(Dataset items)
++++++
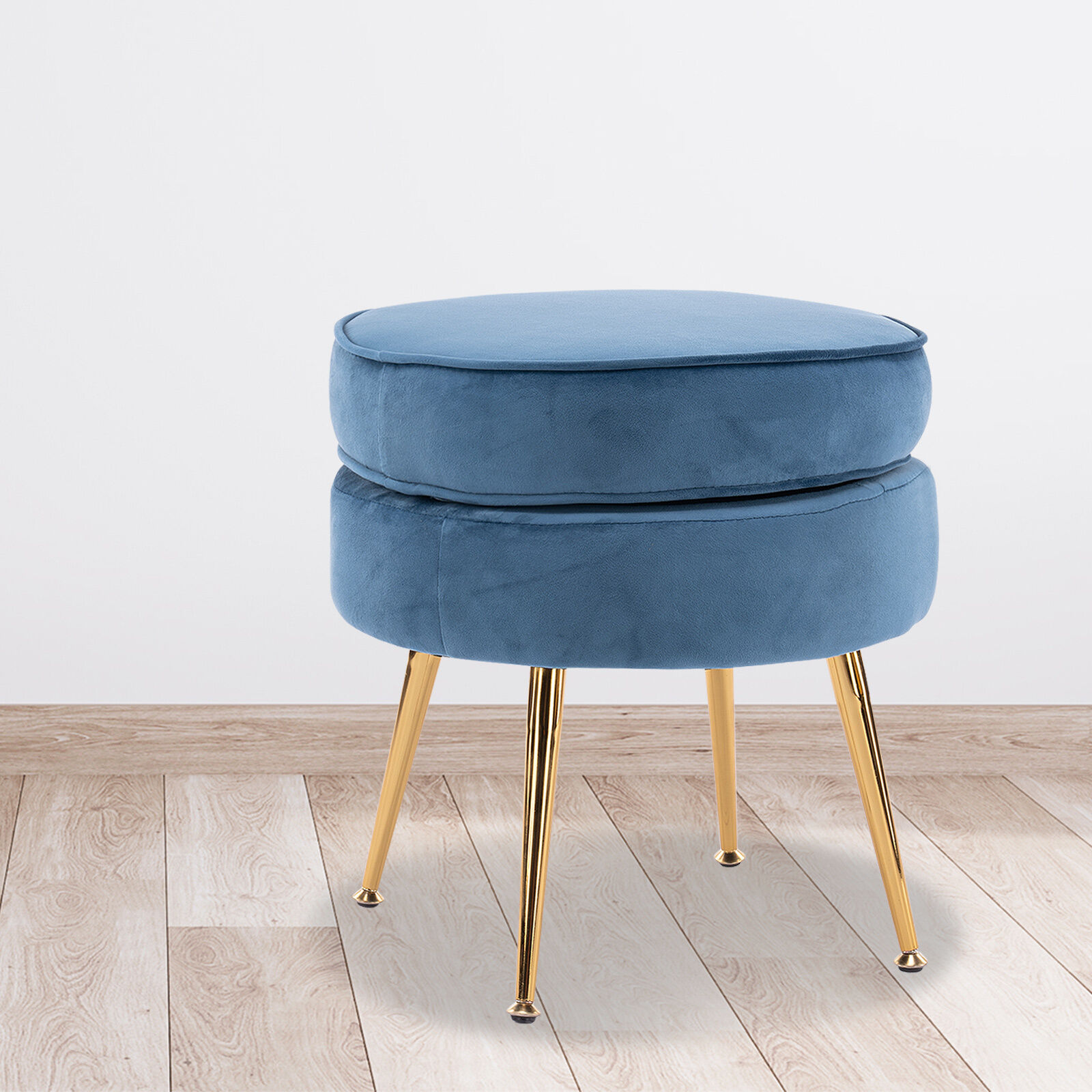 La Bella Round Ottoman Foot Stool Velvet Fabric Metal Leg Price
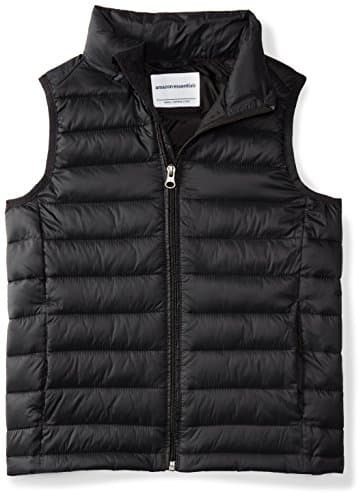 Image of Amazon Essentials Boys' Lightweight Water-Resistant Packable Hooded Puffer Vest, Black, 6-7 Years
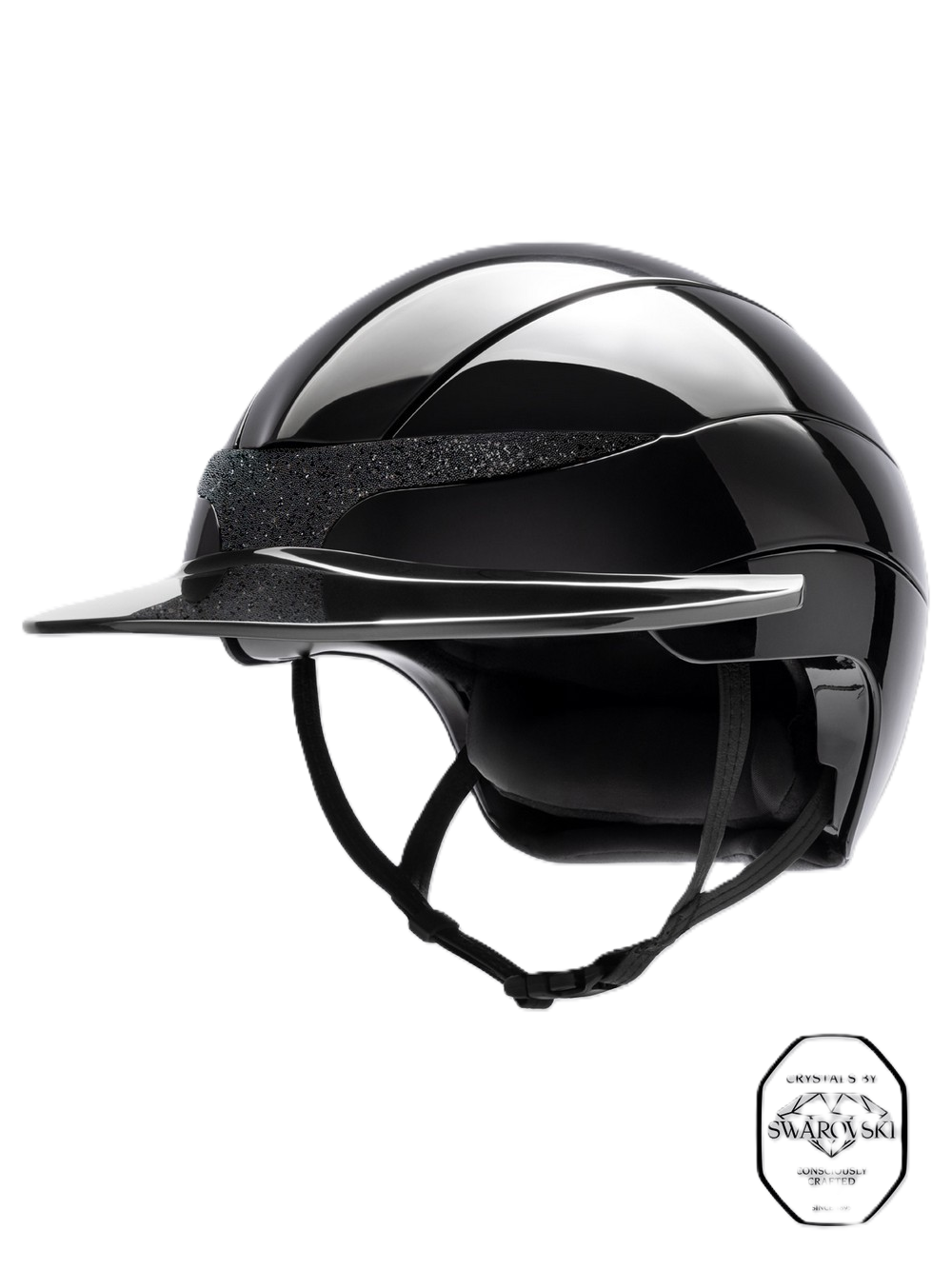 Equiline Paardrijhelm Xanto Sun Visor Gloss Swarovski Zwart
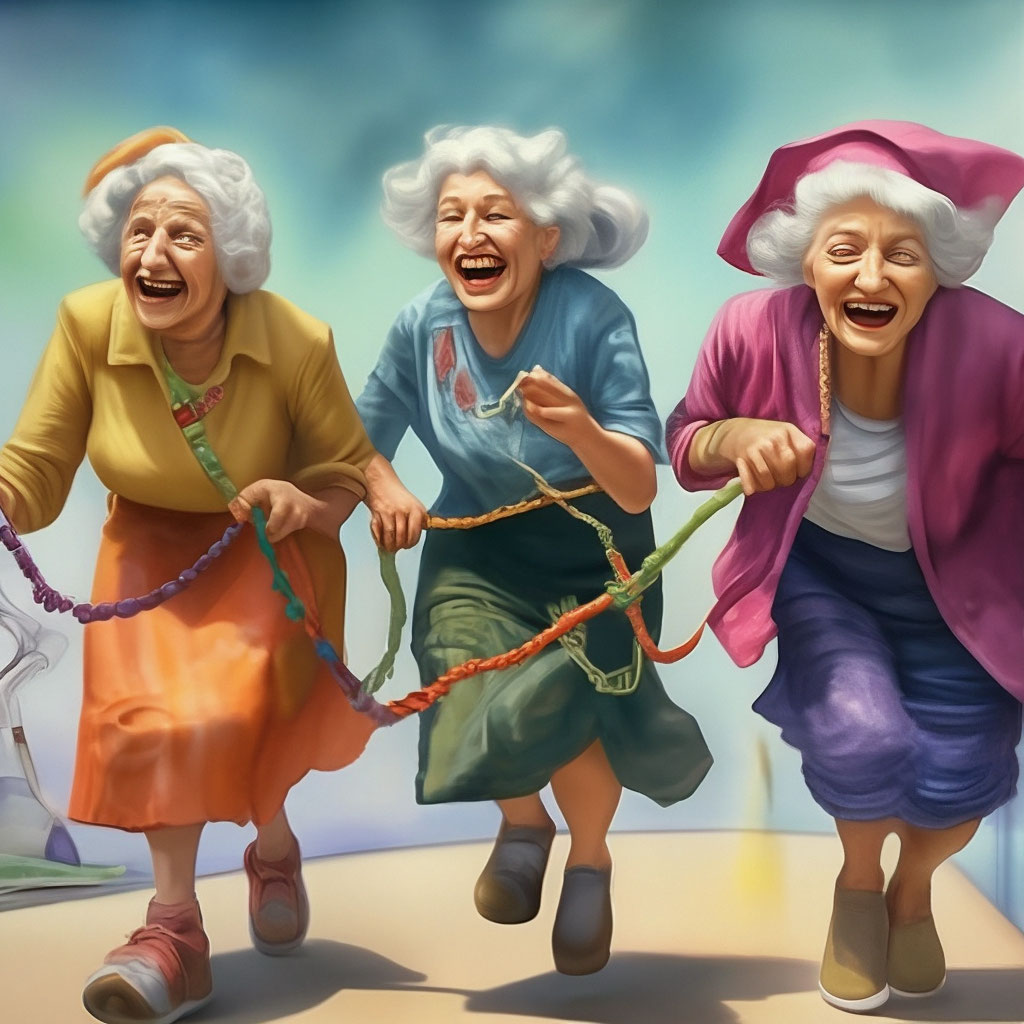 Позитивные бабушки картинки "Three funny old ladies jump rope, ." - image created in Shedevrum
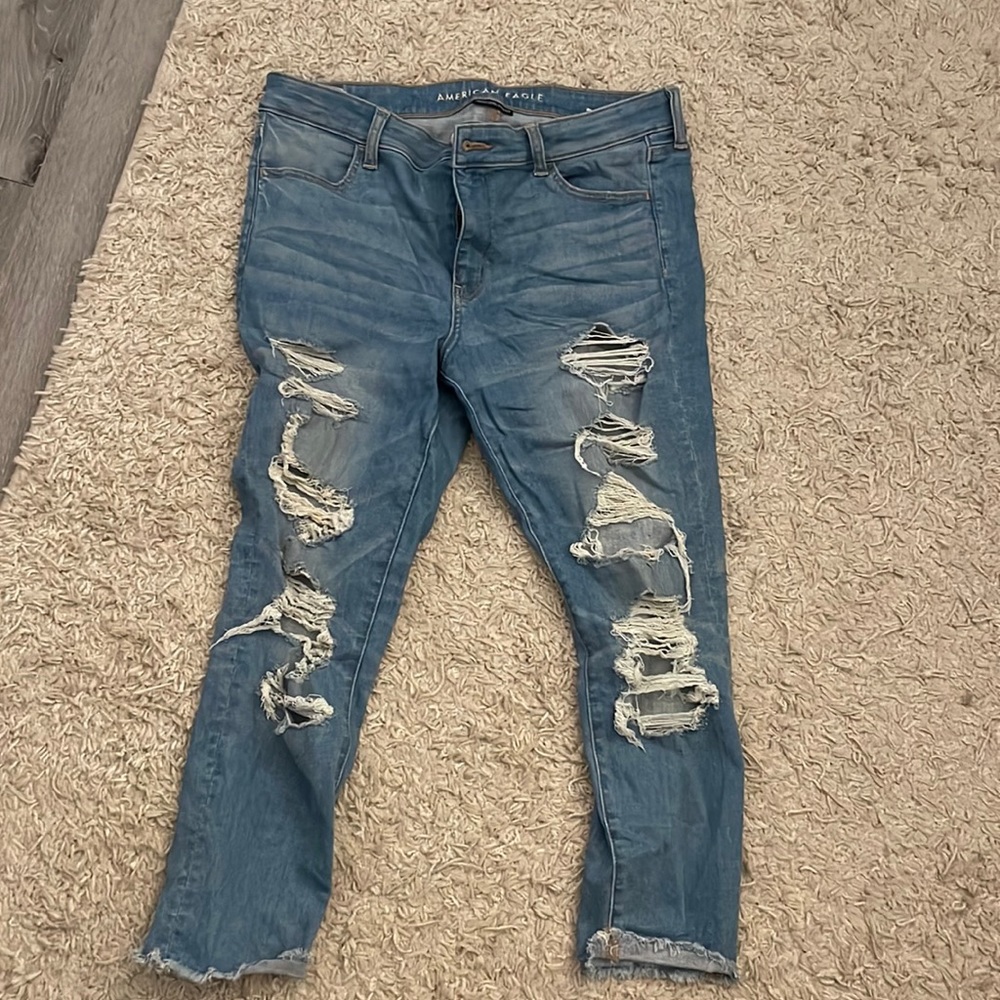 American Eagle Next Level Stretch Women’s Ripped Cropped Skinny Jeans Size 16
++++++
▸ **Problem statement**: Would you copy out every line of the data above exactly, minus the pictures?

▸ **Expected output**:
 La Bella Round Ottoman Foot Stool Velvet Fabric Metal Leg Price
 Image of Amazon Essentials Boys' Lightweight Water-Resistant Packable Hooded Puffer Vest, Black, 6-7 Years
 Equiline Paardrijhelm Xanto Sun Visor Gloss Swarovski Zwart
 Позитивные бабушки картинки "Three funny old ladies jump rope, ." - image created in Shedevrum
 American Eagle Next Level Stretch Women’s Ripped Cropped Skinny Jeans Size 16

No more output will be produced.